The increase in volume reflects, rather, the concern that the Government's increasingly negative approach to virtually all things European risks doing Britain's business prospects a grave disservice.
Fifty three per cent of British exports go to the European Union, compared with 14 per cent to North America and 4 per cent to other leading industrial countries. For any business with an export interest, the approach to the EMU debate is shaped by practical concerns that keeping Britain out will damage market prospects.
A poll in November by the Confederation of British Industry, which mainly represents big business, found 56 per cent supporting a single currency.
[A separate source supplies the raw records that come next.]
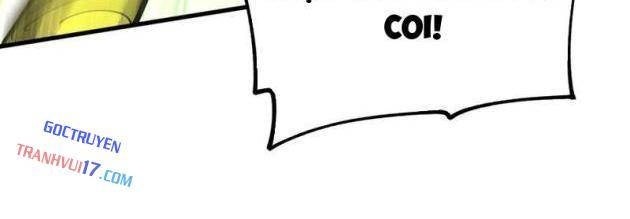 Toàn Cầu Ngự Thú: Ta Có Thế Thấy Lộ Tuyến Tiến Hóa - Page 33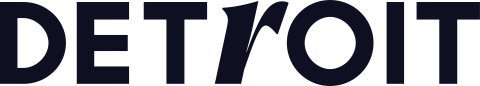 Detroit Oficial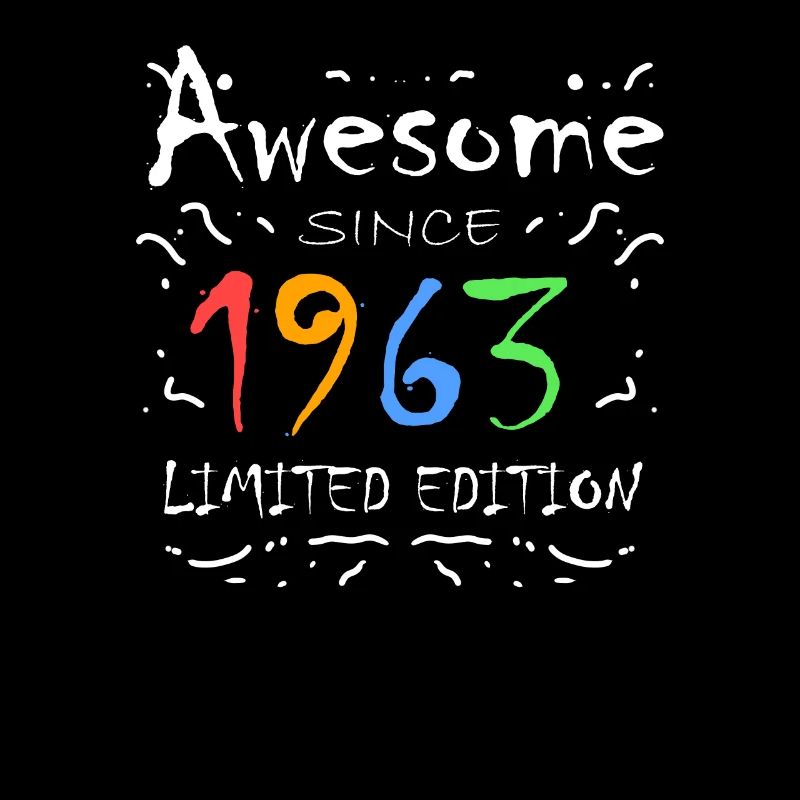 1963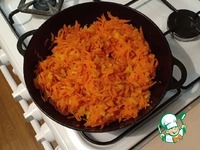 ������, ������� � ������� � ������� �����������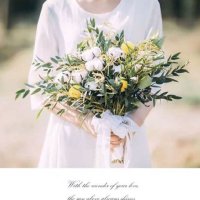 April_zzzzz (@zzzzz_april) 's Twitter Profile Photo April_zzzzz (@zzzzz_april) 's Twitter Profile Photo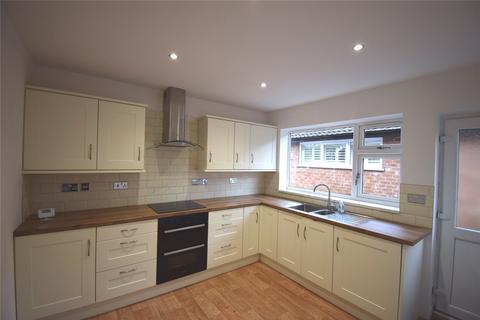 undefined, Lower Kirklington Road, Southwell, Nottinghamshire, NG25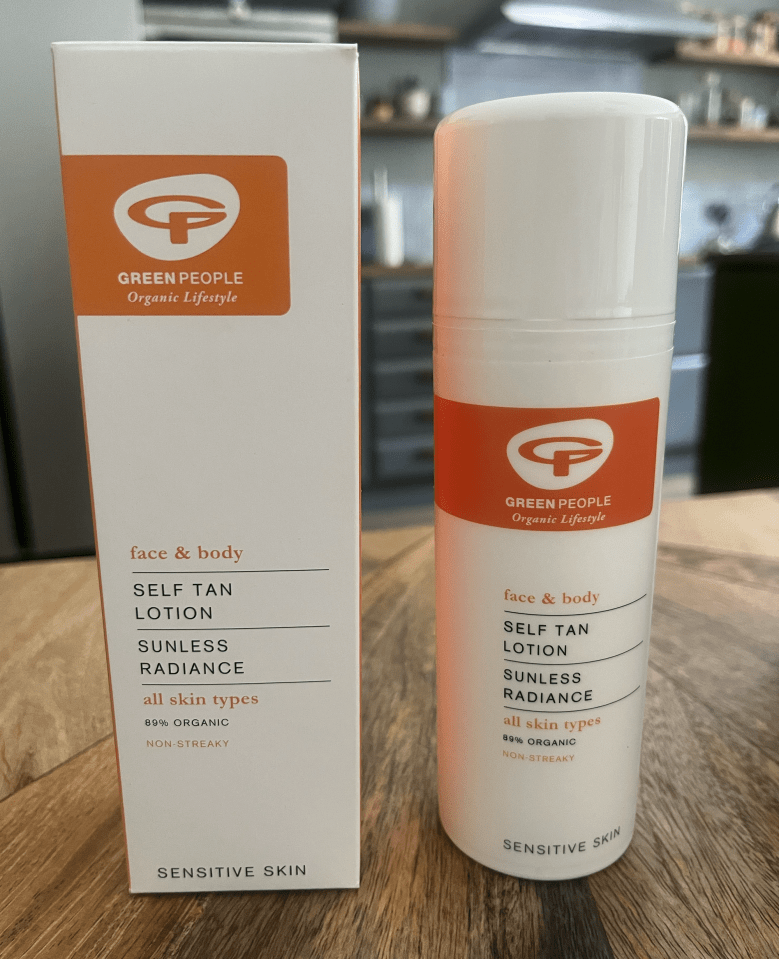 best-natural-fake-tans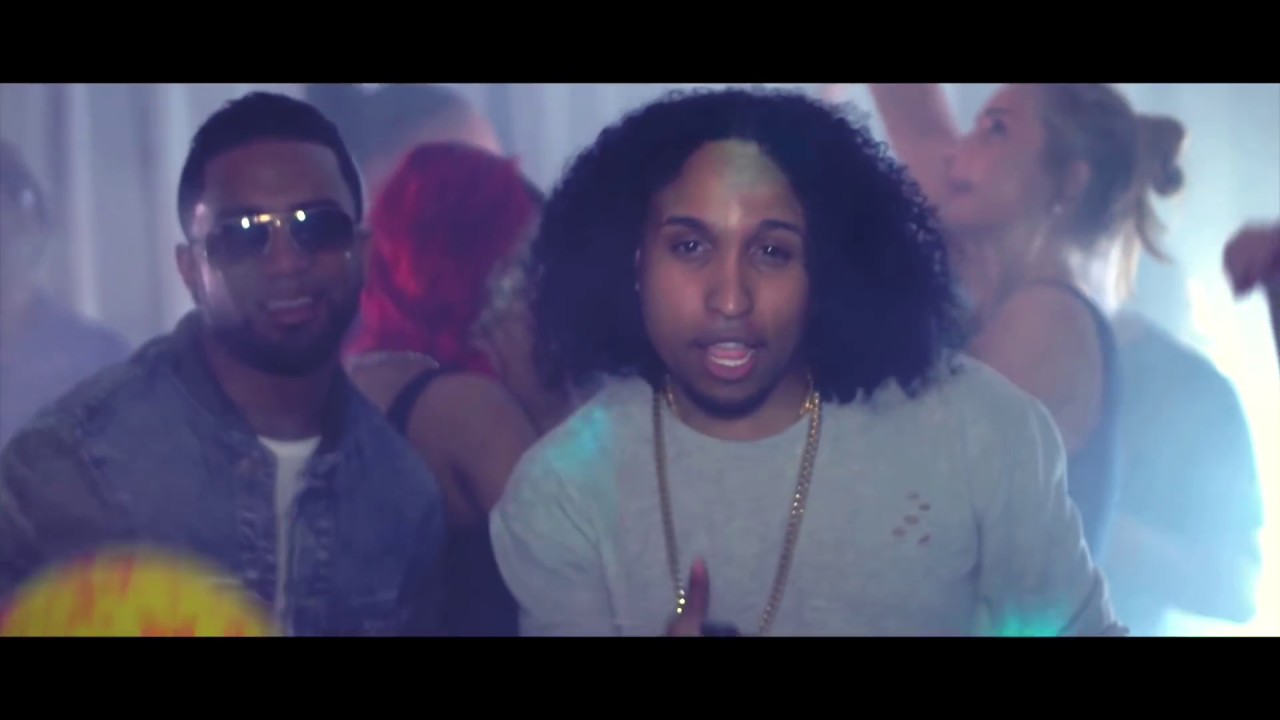 Ir-sais - Binnen Ft. Shans. (Prod.Iri)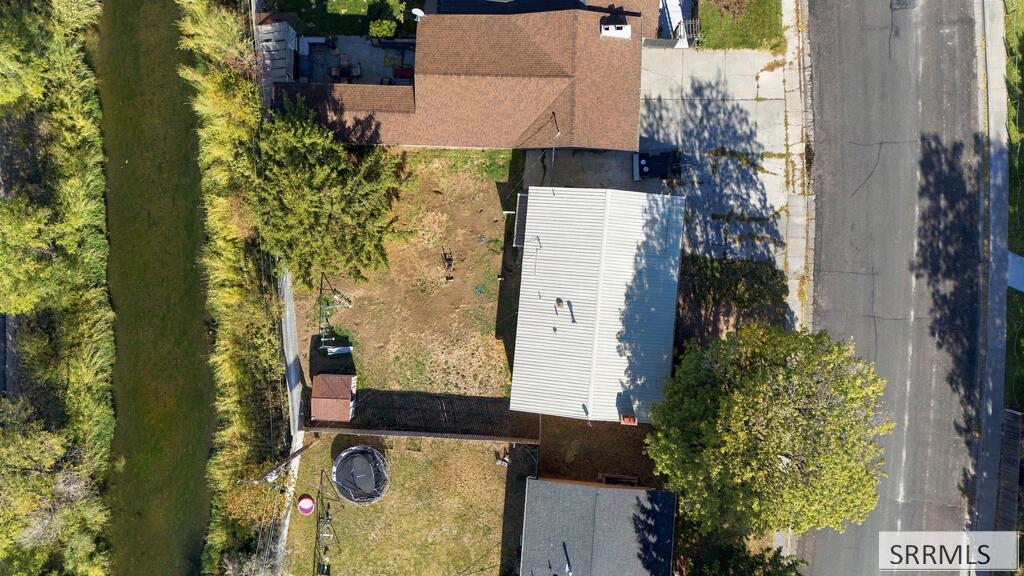 1770 S Falcon Drive Property Photo 29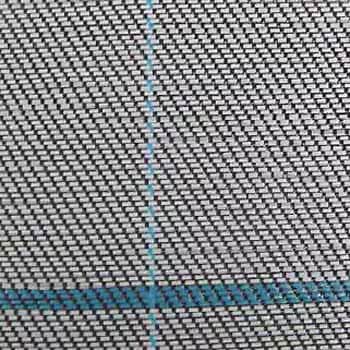 【オーダー】アグリシートR(透水タイプ) 日本ワイドクロス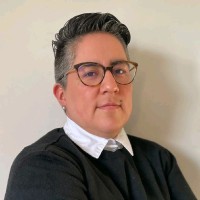 Diana Varela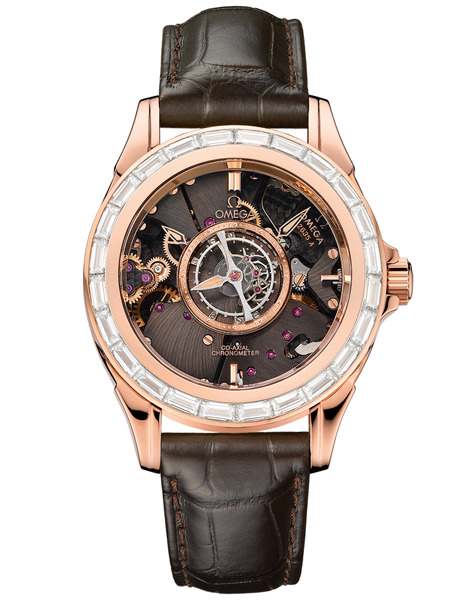 � ������� ������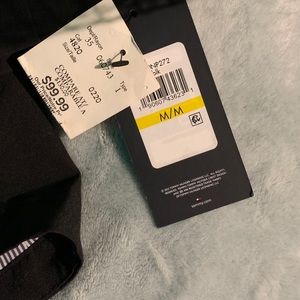 Tommy Hilfiger jacket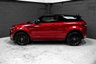 USED 2016 66 LAND ROVER RANGE ROVER EVOQUE 2.0 TD4 HSE DYNAMIC 3d 177 BHP / STUNNING CAR!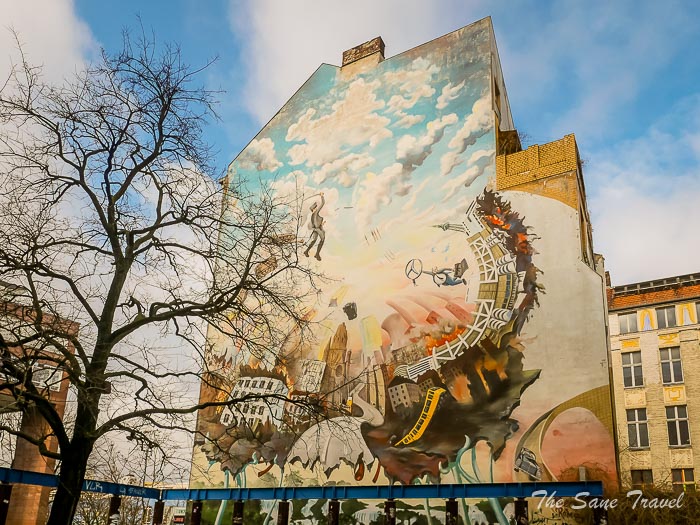 24 elephant and thesanetravel.com P1310134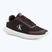 Кросівки жіночі Calvin Klein YW0YW01750 3 Eva Runner Mesh MG brown out/green haze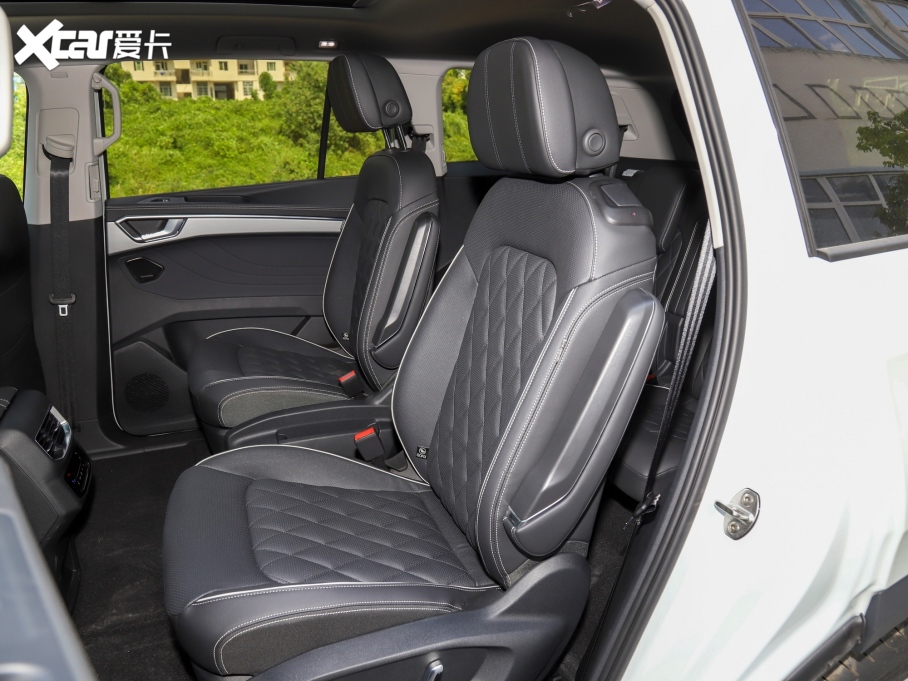 2022 530TSI ŞپPro 6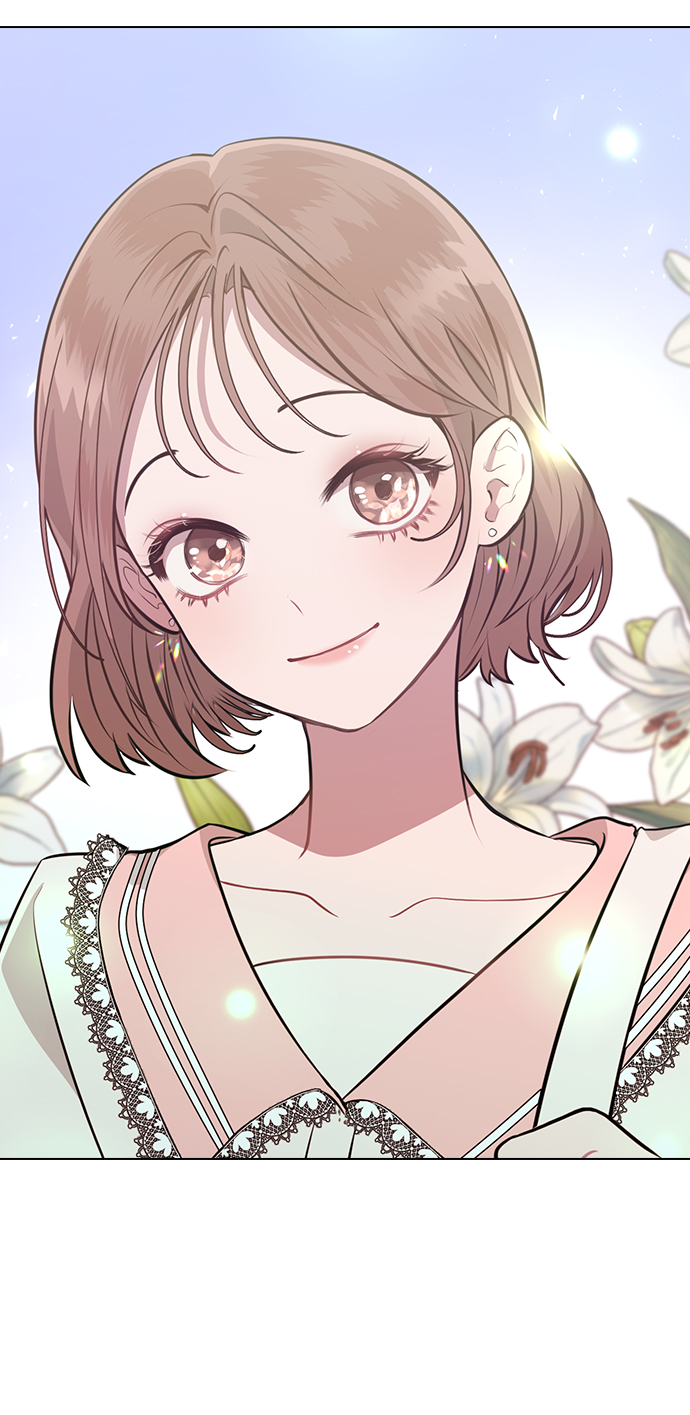 [第1话] 如果真的分开1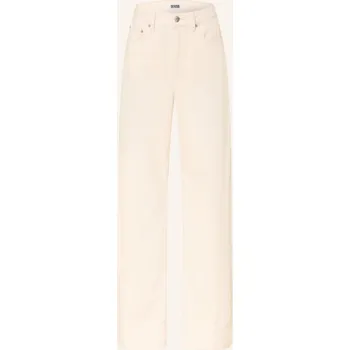 Dámské džíny Drykorn Dámské Wide Leg Džíny Medley, 9800 ppt, 38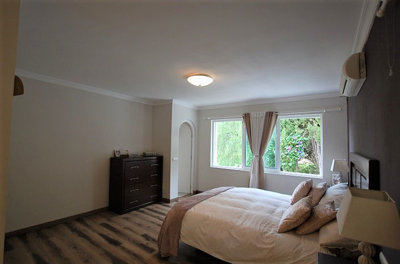 17-dd5fcd4f0eb487dfa3803f7e20814c0e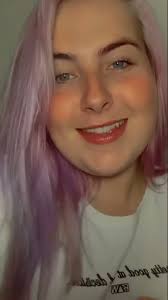 Amanda Beatriz Weber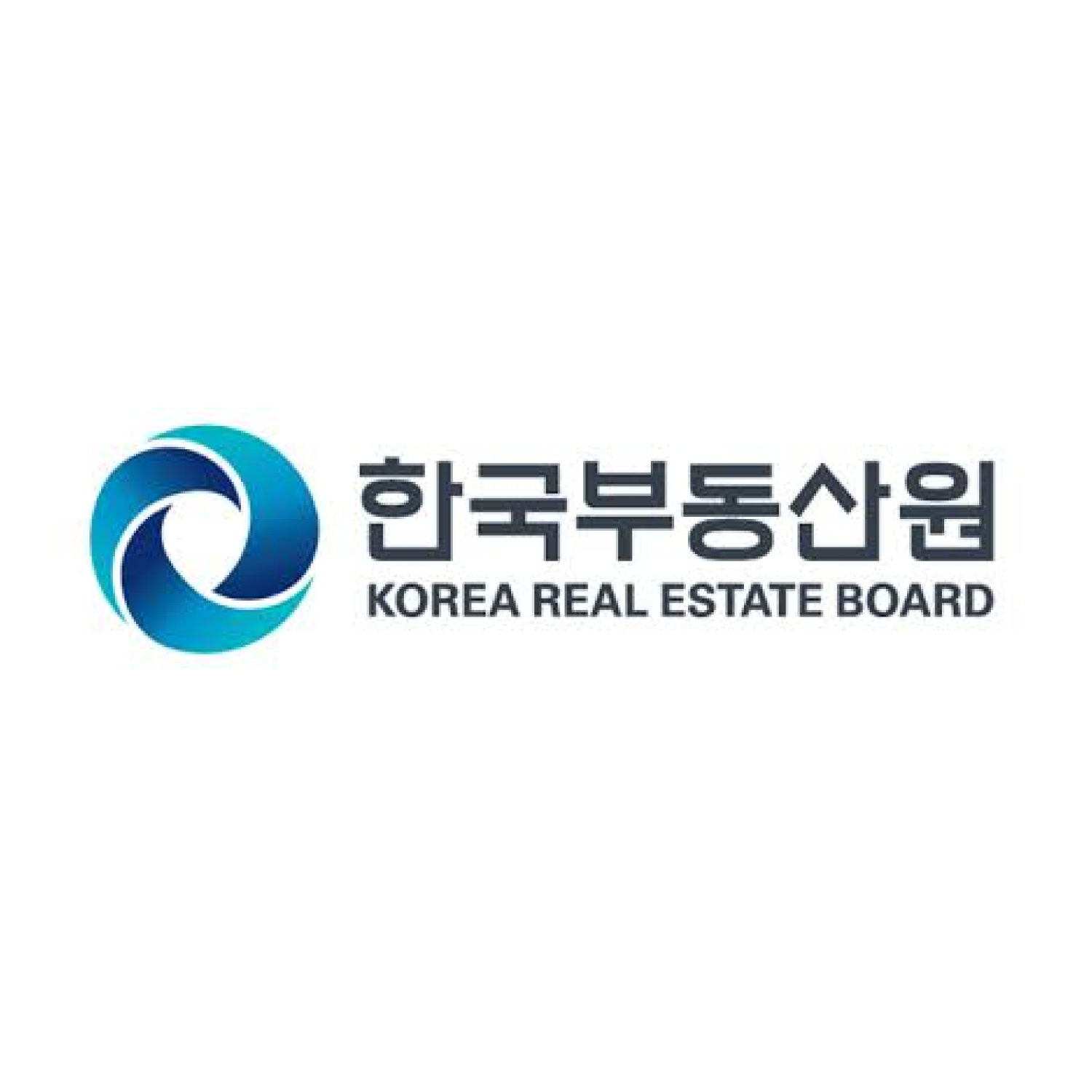 한국부동산원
Polls among small businesses, usually with more domestic interests, find greater caution towards EMU, but again a preference for an open-option, rather than a rejectionist, approach.
In the City, a Harris poll in December found 73 per cent of senior managers think EMU is likely to happen.
Of the respondents, 59 per cent thought Britain should not be in the first group going ahead with a single currency. Ironically, because the City is so international, it is less reliant on sterling as a currency and, indeed, the British economy for its livelihood, which makes it less fearful of changes seen as challenging things peculiarly British. The fact that the City is not overwhelmingly for EMU, but is split down the middle, reflects deep worries that continental preferences for regulation and control will cramp its Anglo-Saxon, open, wheeler-dealing skills.